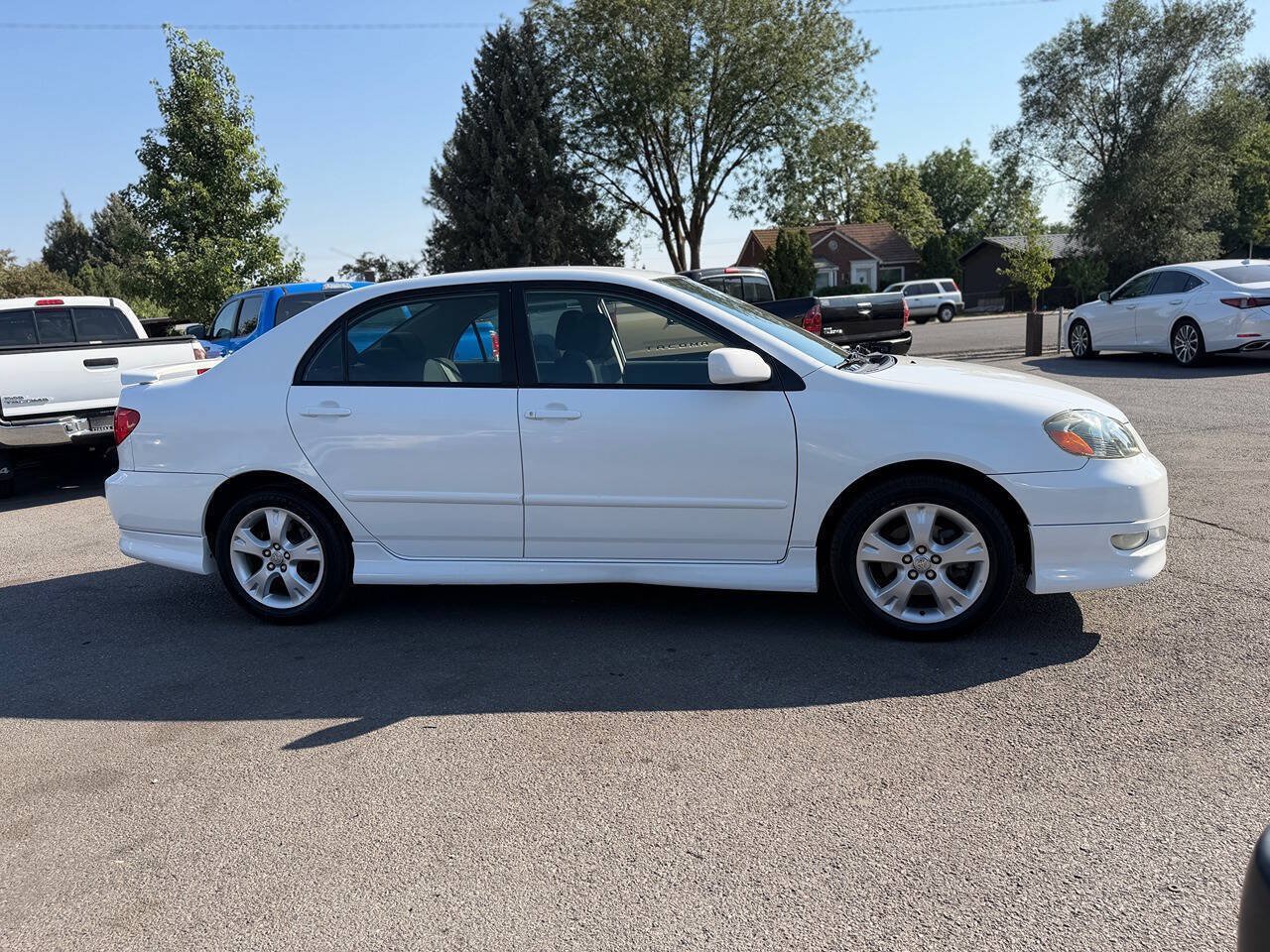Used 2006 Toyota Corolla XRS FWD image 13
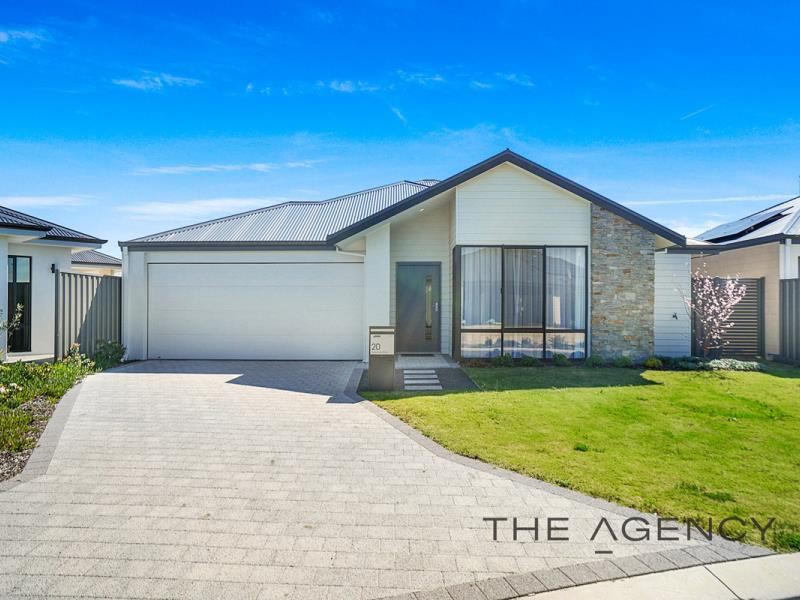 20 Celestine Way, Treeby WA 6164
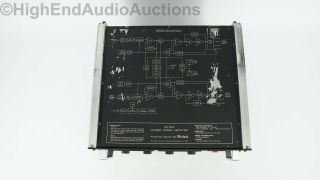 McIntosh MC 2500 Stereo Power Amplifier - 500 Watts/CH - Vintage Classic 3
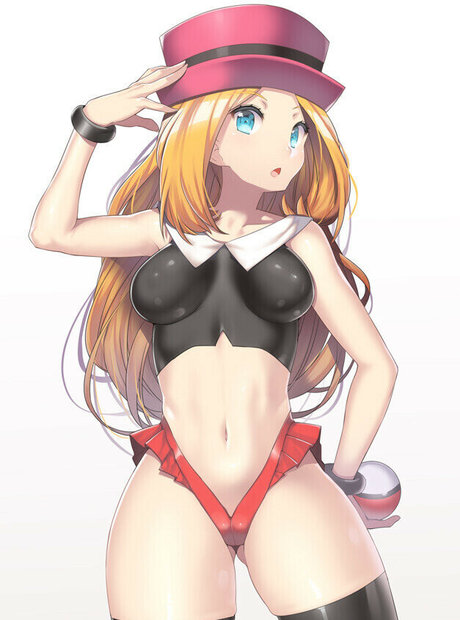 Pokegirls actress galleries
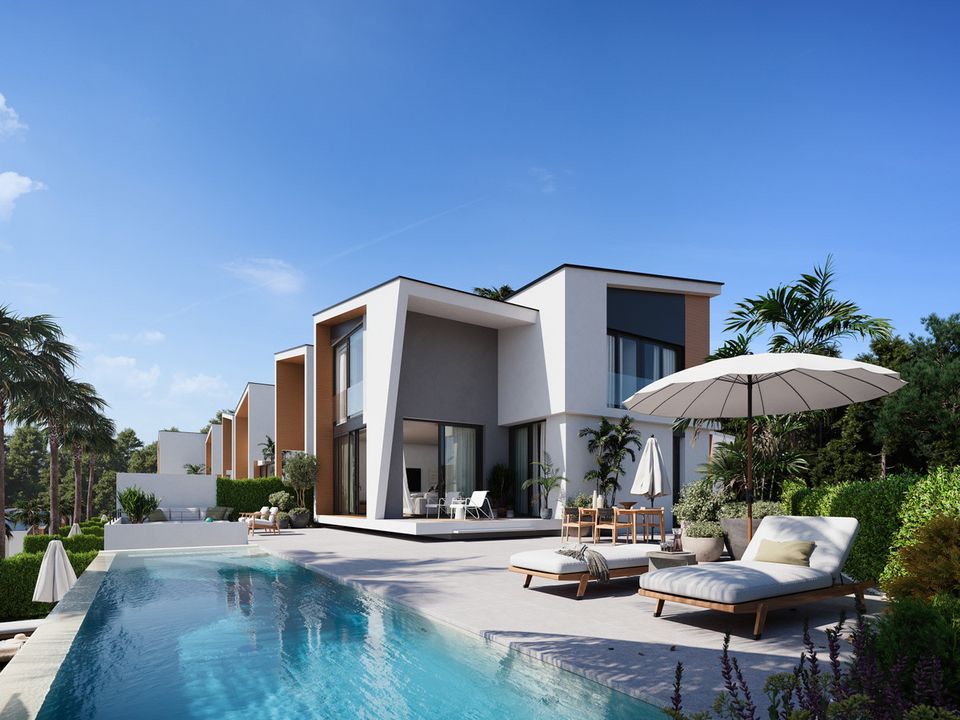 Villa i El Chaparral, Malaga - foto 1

---

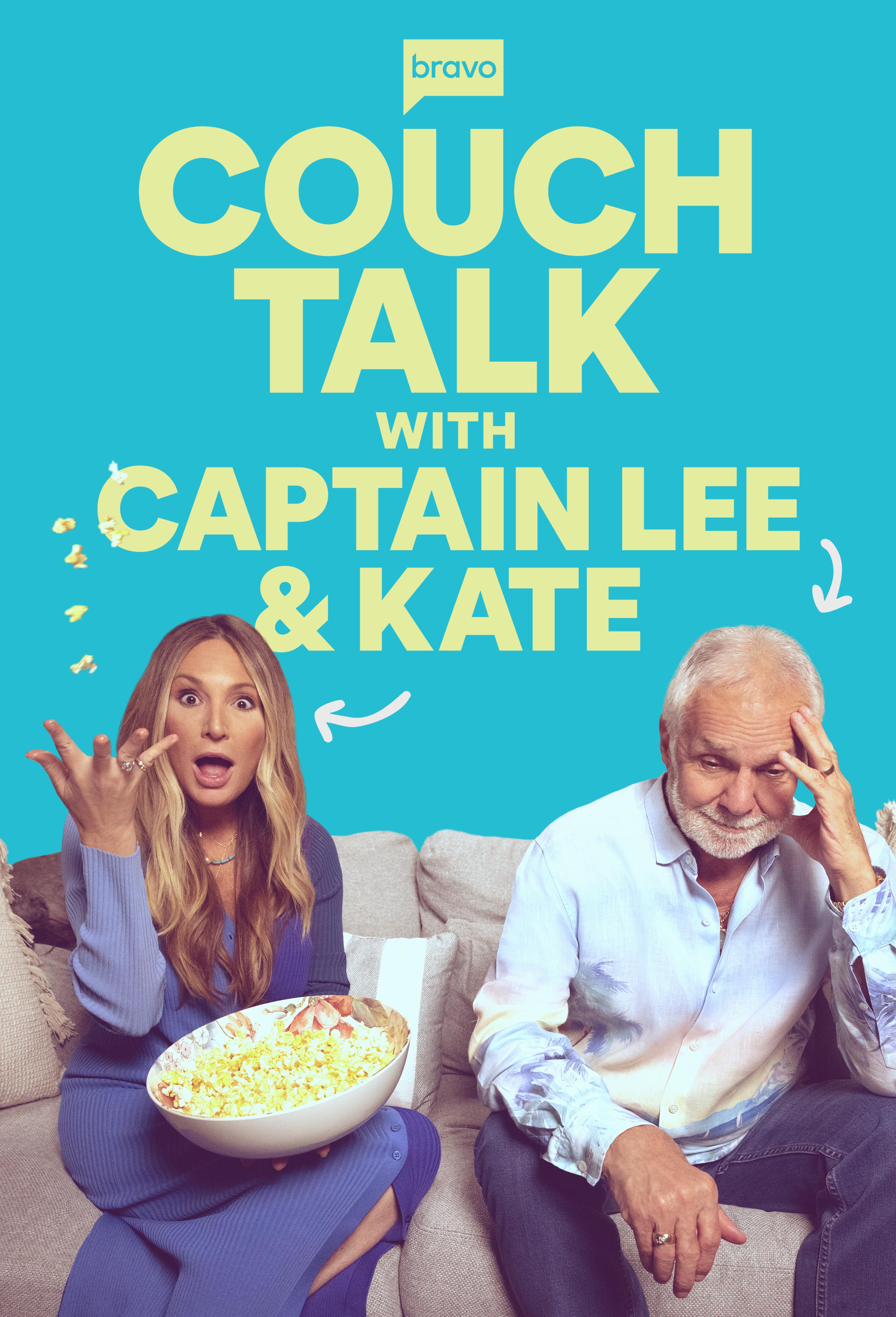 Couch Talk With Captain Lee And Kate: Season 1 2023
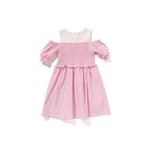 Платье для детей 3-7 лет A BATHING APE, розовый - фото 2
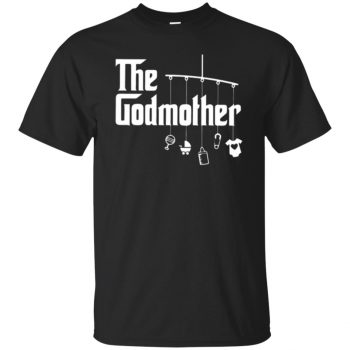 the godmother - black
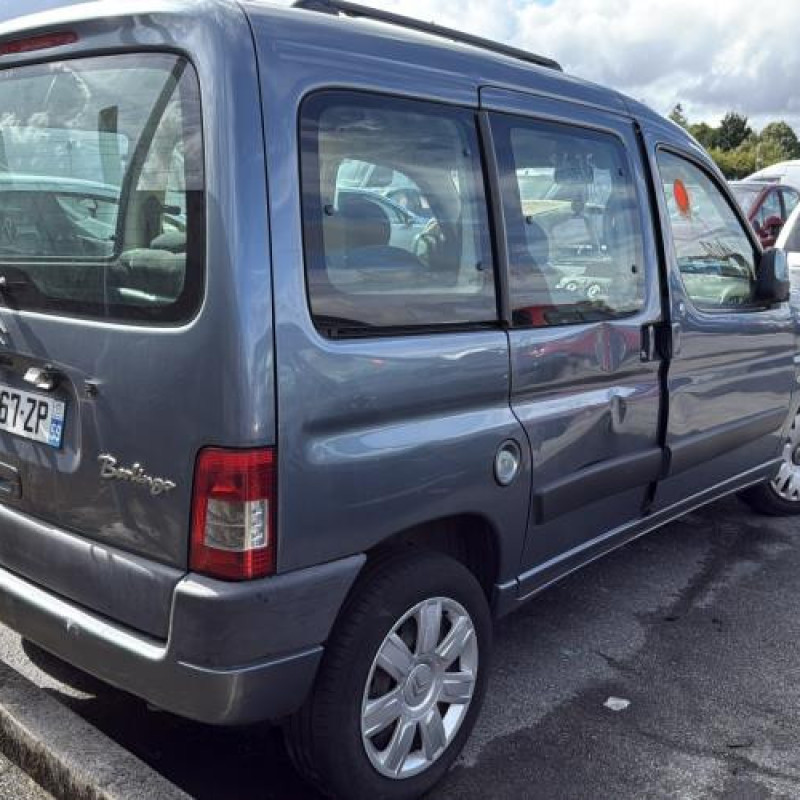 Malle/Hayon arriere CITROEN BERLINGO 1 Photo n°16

---

→ **Problem statement**: A clean copy is needed of the lines in the listing above from the one with "20 Celestine Way, Treeby WA 6164" through the one with "Villa i El Chaparral, Malaga - foto 1", exact in every word and free of pictures.

→ **Written answer**:
 20 Celestine Way, Treeby WA 6164
 McIntosh MC 2500 Stereo Power Amplifier - 500 Watts/CH - Vintage Classic 3
 Pokegirls actress galleries
 Villa i El Chaparral, Malaga - foto 1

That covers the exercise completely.